I'm curious if other people in Drenthe realize they are edible?
In Maastricht the city has been planting lots and lots along the paths, roads and other green spaces. I'm pretty certain just for ornament. The birds and I appreciated them though, along with the kids in my family who I introduced to the delight of foraging Juneberries.
I actually prefer them to blueberries, which says a lot as I love those too.
I moved to coastal Spain last autumn and have started food forests here. We'll be testing some Amelanchier in our projects as well, since A. ovalis is native to the Mediterranean region.

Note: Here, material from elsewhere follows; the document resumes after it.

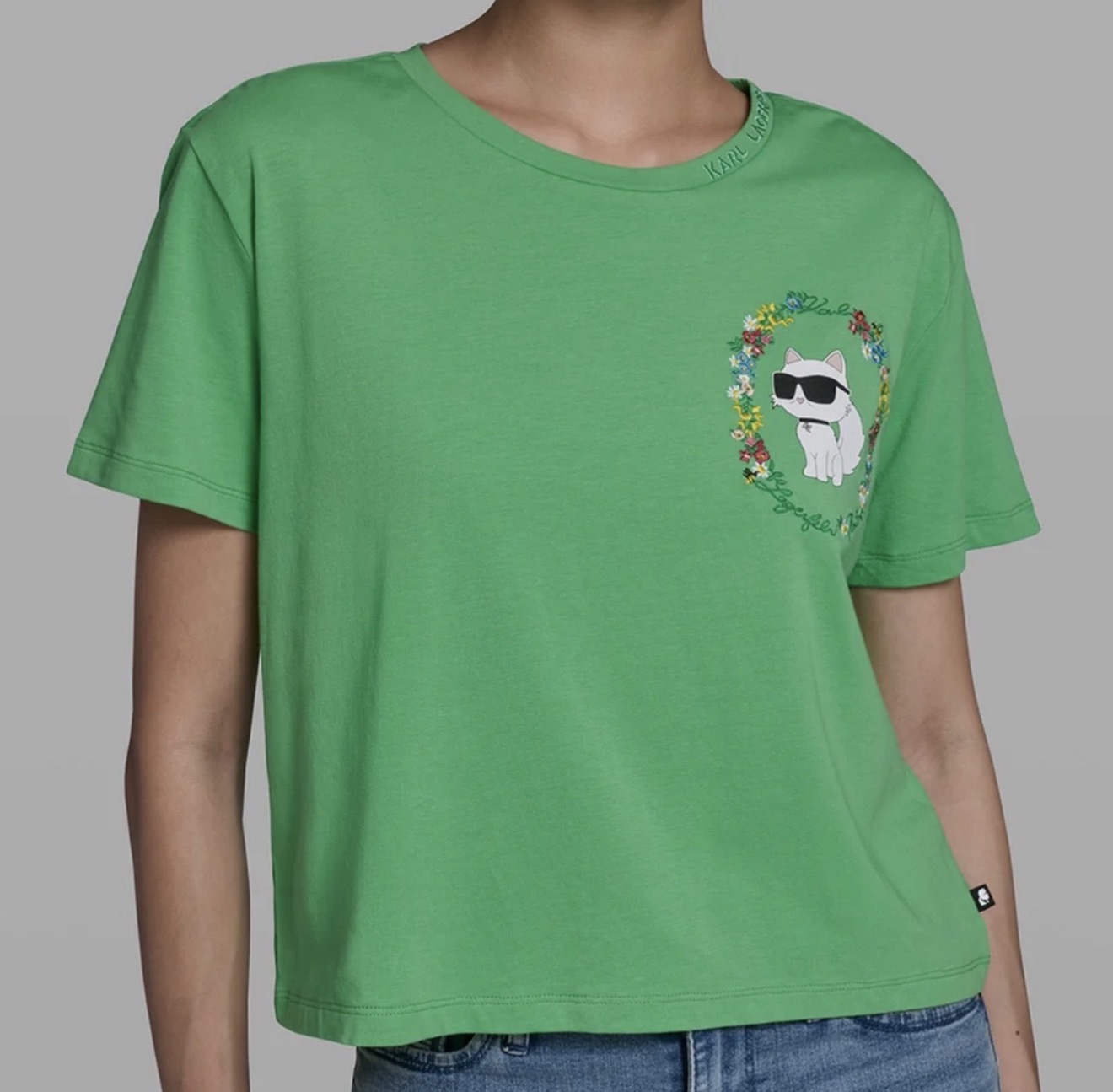 Karl Lagerfeld 女裝貓貓Logo短 Tee (綠) KL46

Inge Leonora-den Ouden wrote:There's a different species of it, Amelanchier laevis, that's so common here that many people think it's native (but in fact it's from N. America). It's even called 'Drents Krentenboompje' in Dutch, which means: currant tree from Drenthe ... and Drenthe is the region where I live!
Maybe the flowers and the berries are somewhat smaller. When the berries are ripe, I love to eat them, or make jam with them.
"Also, just as you want men to do to you, do the same way to them" (Luke 6:31)
Scott Obar wrote:
Jeanne Barrett wrote:I live in zone 2 which has very cold winters and the saskatoons grow very well here. On our property we have lots of wild bushes and harvest them whenever we can. We have noticed that there are years when the frost comes at inopportune times and kills the blossoms. This means that there will be no fruit that year. So we try to have enough on hand to last a couple of years in order to compensate for years where there is no harvest.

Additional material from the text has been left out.